Bloody Bolt losing my journal entry. I copied it but forgot about it and copied over it. Duh, Kim. Anyway, I'll try and remember it.

OK, so I got woken up just after 1o this morning to the sound of my mobile ringing, pick it up in a grumbly, croaky, 'I've just been woken up thanks to you' voice, and find out that the Bookshop at uni wants me to work there, so "hell yes, for $17 an hour and a quicker trip to the USA, sure I will start training next Friday!". Well, that is what I wanted to say, in retrospect, but of course, being the snooze head that I have become this past month or so, all I said was "Yep, sure". Oh, how professional of me. Anyway, that's that.

Went to Denae's last night to plan the shopping list. We wanted to go down to Wavo and shop last night but NOOOO, Beck wanted to go home and watch Nip/Tuck instead. Blah. So now we have to have the great pleasure of going down to Ashwood at 1 P.M. on Sunday afternoon and battle the gauntley that will be the carpark and the queues. We shoudl go to Wheelers Safeway instead, but NOOO, Beck wants to show off by getting PA-ed down. Blah to that. Blah to her. After Beck left, Amelia, Denae, and I played a bit of Extreme Makeover, critiquing eachother and moving fat around eachother's bodies with words, lol. Fun times. It will be replicated for the camera after a few Midori and lemonades down at Torquay. I'm also bringing our sombrero to Torquay, no way am I going to get sunburnt again. I don't care how much of a fool I look like, at least I won't peel as much as Phillip Island. Eew.

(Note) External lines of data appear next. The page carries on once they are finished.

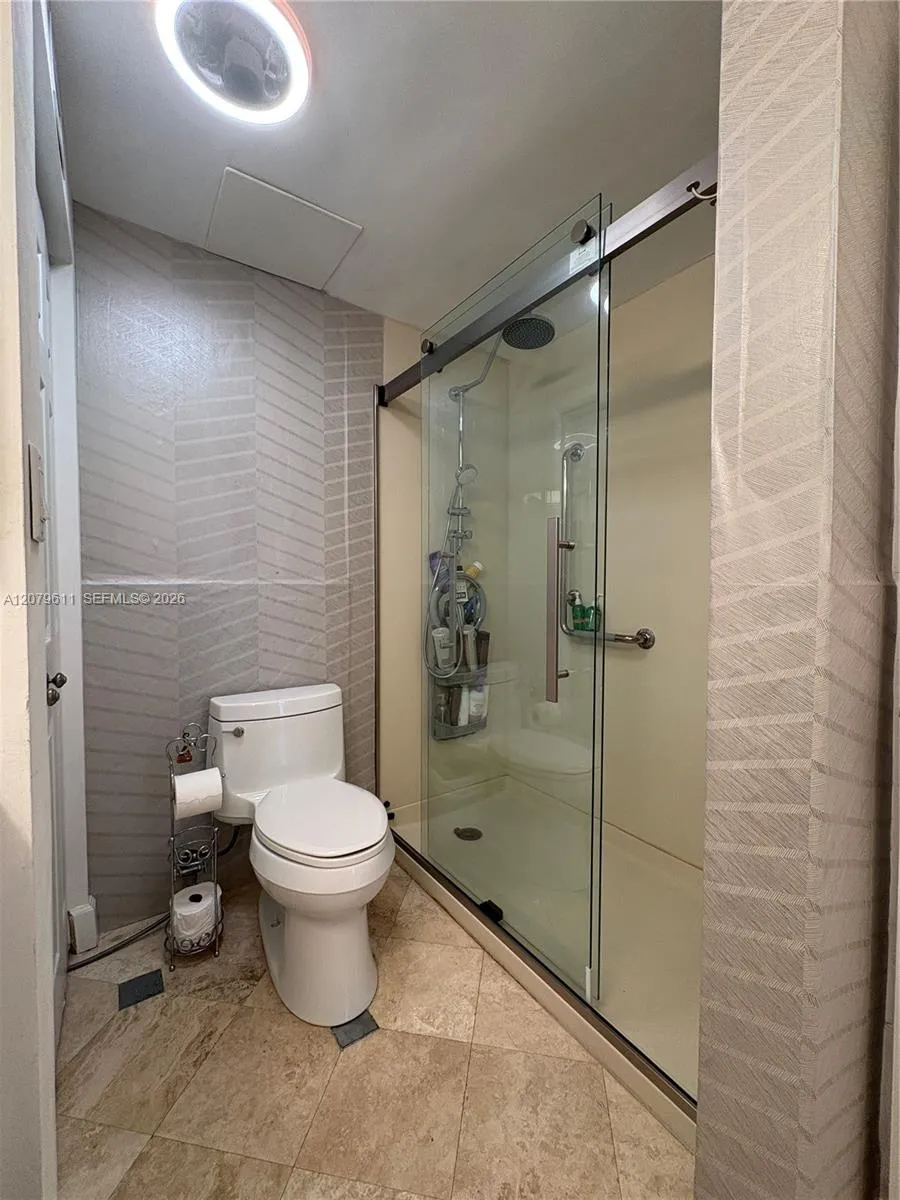 700 Biltmore Way #504 Coral Gables, FL 33134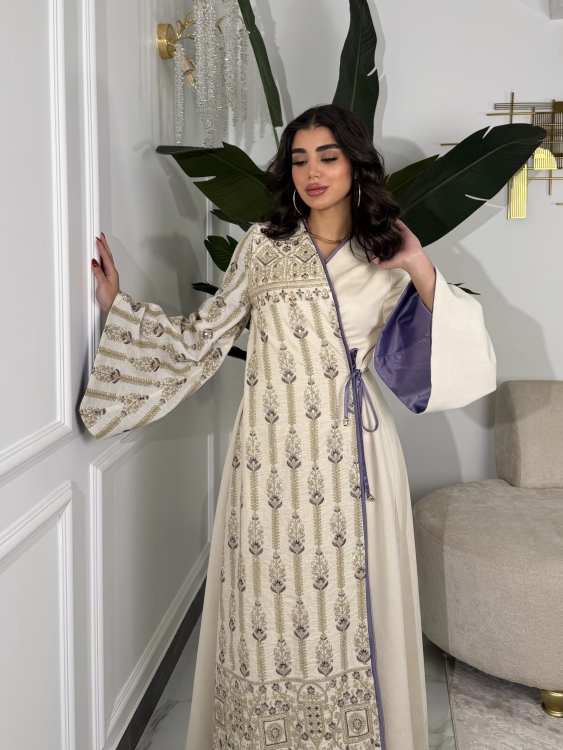 Open Front Jalabiya With Belt جلابية مسك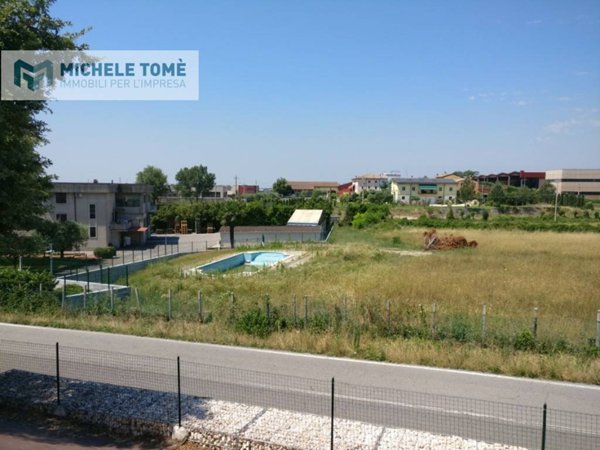 locale commerciale in vendita a Pastrengo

Anyway, I'm super bored. I hate waiting around for work. I'm going to go now.

Kim out. ~Kim
Comments: Add Your Own.

Tuesday, January 27th, 2004

Time:3:38 pm.
Mood: ditzy.




This is the photo I'm using for MSN atm, and this is Tina's reaction:



Tina says:

HOOOOOWWWWW CUTE.

Tina says:

OMG.

Tina says:

HOW CUTE.

Kim>>>The cause of suffering is desire...Now I am a failure; Donna Hay is a bitch (17 days til I'm 19) says:

what?

Tina says:

IS THAT YOU.

Kim>>>The cause of suffering is desire...Now I am a failure; Donna Hay is a bitch (17 days til I'm 19) says:

YES IT IS

Kim>>>The cause of suffering is desire...Now I am a failure; Donna Hay is a bitch (17 days til I'm 19) says:

IM MEANT TO BE SLEEPING

Kim>>>The cause of suffering is desire...Now I am a failure; Donna Hay is a bitch (17 days til I'm 19) says:

lmao i love your reaction

Tina says:

OMG. I WANT TO SQUEEZE IT UNTIL POOP COMES OUT.

Kim>>>The cause of suffering is desire...Now I am a failure; Donna Hay is a bitch (17 days til I'm 19) says:

lmfao

Kim>>>The cause of suffering is desire...Now I am a failure; Donna Hay is a bitch (17 days til I'm 19) says:

rofl

Tina says:

omfg. its you?

Kim>>>The cause of suffering is desire...Now I am a failure; Donna Hay is a bitch (17 days til I'm 19) says:

yes

Tina says:

i abuse rofl.

Kim>>>The cause of suffering is desire...Now I am a failure; Donna Hay is a bitch (17 days til I'm 19) says:

lmao i abuse lmao

Tina says:

OMG.

Kim>>>The cause of suffering is desire...Now I am a failure; Donna Hay is a bitch (17 days til I'm 19) says:

omg that is a hillarious reaction

Tina says:

how cute.

Tina says:

I WANT TO SAVE IT.





and after a bit of convo, this comes out:



Tina says:

OMG. I SERIOUSLY WANT TO HOLD YOU UNTIL YOU CHOKE.

Tina says:

OH GOD.



LMFAO, at least I know I was a cute baby.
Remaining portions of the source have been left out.